Like a multi-dimensional sudoku made not of numbers but of love. Almost everyone interviewed attests to the mighty power of music but even the one cynic can't bring himself to go so far as to say he doesn't like the stuff. Steven Pinker, the author and cognitive psychologist, speaks from Harvard about his belief that music is nothing more than 'auditory cheesecake'.


It's a claim he first made in his 1997 book How The Mind Works. A book in which he suggested that if music was to disappear tomorrow our lives would not be significantly altered. Pinker loves that music gives us pleasure (like cheesecake) but he sees no biological use for it or no Darwinian reason.



Charles Darwin, it seems from the research on songbirds I mentioned earlier, may not have been in harmonious alliance with Pinker and Copeland, amicably as ever, wasn't either. Believing music to be far more than 'pudding for the ears'. Though taking Pinker's point, I felt myself far more on Copeland's (and, hopefully, Darwin's) side of the debate.


Music isn't just fun. It's important. I know people who have come out of terrible life situations who swear that listening to and making music virtually saved them. In life's choppiest of seas they clung on to it like a lifeboat and it soothed their troubled souls and healed them. It was a friend when one was most needed, it was medicine at a time of great mental anguish, and it was a reminder that, no matter how bad things are, there is always beauty.


Not every piece of music in the series was, to me, beautiful but there was, of course, lots of great music along the way to underline Copeland's assertions and aid his studies. Stevie Wonder, Jimi Hendrix, Marvin Gaye, Saint-Saens, Rufus Wainwright, David Byrne (singing Bowie's 'Heroes'), Bob Marley, The Kinks, NWA, Stravinsky, The Temptations, Elton John, The Human League, Frankie Goes To Hollywood, Dvorak's New World Symphony (the Hovis advert one), Kylie Minogue's 'Can't Get You Out Of My Head', Brian Eno's Music for Airports, and, er, Ed Sheeran! The Police too. Of course.


There's Kanye West, gospel music from the Hillsong church in New York, and Steve Reich's Music for Eighteen Musicians and It's Gonna Rain (incidentally, Reich's house looks EXACTLY like you imagine it will) but, most of all, what comes through is not the love of any specific music or musical genre but the love for music itself.

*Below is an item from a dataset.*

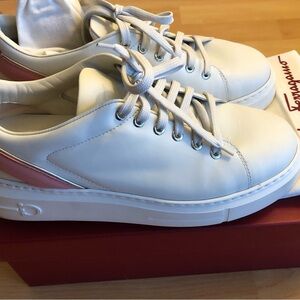 Salvatore Ferragamo White Leather Sneakers with Gold Details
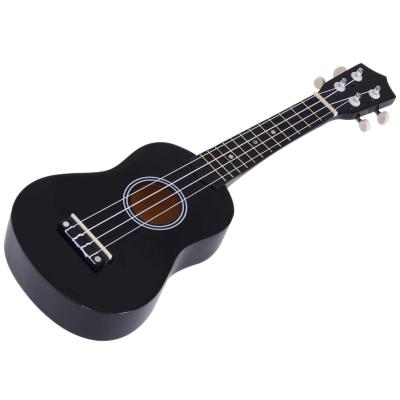 HOMCOM Ukelele Soprano de 21 Pulgada para Principiantes Concierto Cuerdas Aquila de Nylon Negro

Stewart Copeland did a superb job of making a case that music is an art form above all others, that it can touch the soul in ways that even film and literature cannot, and, even, that without it our lives would not just be completely different but would be fundamentally much much poorer. That may not be true for everyone but it's true for Stewart Copeland, it's true for the vast majority of the people I love the most, and it's certainly true for me. As my mate Rob Uriarte would always say if I was playing a record to him - "give it some beans".